Benchmark                  Mode  Cnt       Score       Error  Units
    OutputBenchmark.console   thrpt   20   39291.885 ±  3370.066  ops/s
    OutputBenchmark.file      thrpt   20  654584.309 ± 59399.092  ops/s
    OutputBenchmark.redirect  thrpt   20   70284.576 ±  7452.167  ops/s
  • When performing audit logging using a framework such as log4j-audit guaranteed delivery of the audit events is required. Many of the options for writing the output, including writing to the standard output stream, do not guarantee delivery. In these cases the event must be delivered to a “forwarder” that acknowledges receipt only when it has placed the event in durable storage, such as what Apache Flume or Apache Kafka will do.

Logging Approaches

All the solutions discussed on this page are predicated with the idea that log files cannot permanently reside on the file system and that all log events should be routed to one or more log analysis tools that will be used for reporting and alerting. There are many ways to forward and collect events to be sent to the log analysis tools.

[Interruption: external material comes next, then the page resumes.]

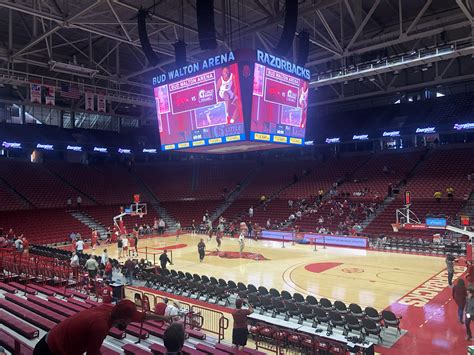 Bud Walton Arena : r/razorbacks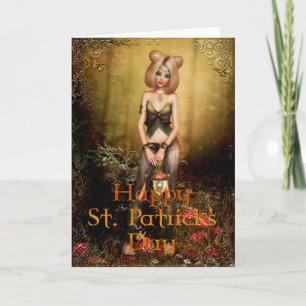 Fada de fantasia na Rua de madeiras. Cartão de dia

Note that any approach that bypasses Docker’s logging drivers requires Log4j’s Docker Loookup to allow Docker attributes to be injected into the log events.

Logging to the Standard Output Stream

As discussed above, this is the recommended 12-Factor approach for applications running in a docker container. The Log4j team does not recommend this approach if exceptions will be logged by the Java application.

Stdout

Logging to the Standard Output Stream with the Docker Fluentd Logging Driver

Docker provides alternate logging drivers, such as gelf or fluentd, that can be used to redirect the standard output stream to a log forwarder or log aggregator.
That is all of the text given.